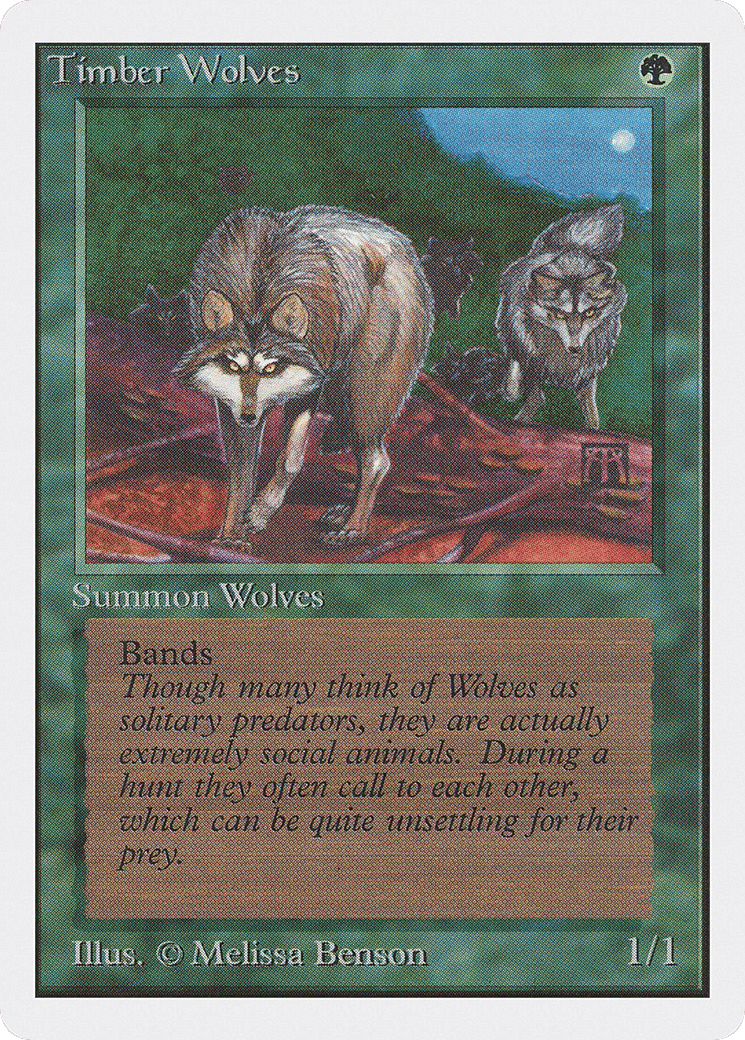 Timber Wolves — Unlimited Edition — Magic: The Gathering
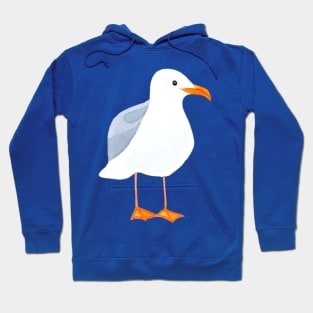 SEAGULL WATERCOLOR - Cute Sea Bird Design Hoodie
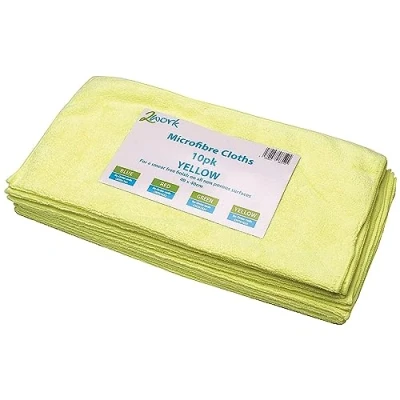 Immagine di Exel GCC0030 Y Panni in Microfibra, giallo, 40x40 Cm, 10 Pezzi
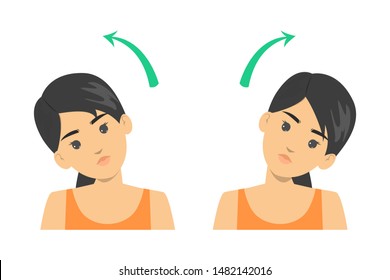 Neck Exercise Stock Illustrations, Images & Vectors | Shutterstock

(TASK REQUIREMENTS):
Print the full listing above again with exact wording and no images.

(EXERCISE OUTPUT):
 Timber Wolves — Unlimited Edition — Magic: The Gathering
 SEAGULL WATERCOLOR - Cute Sea Bird Design Hoodie
 Immagine di Exel GCC0030 Y Panni in Microfibra, giallo, 40x40 Cm, 10 Pezzi
 Neck Exercise Stock Illustrations, Images & Vectors | Shutterstock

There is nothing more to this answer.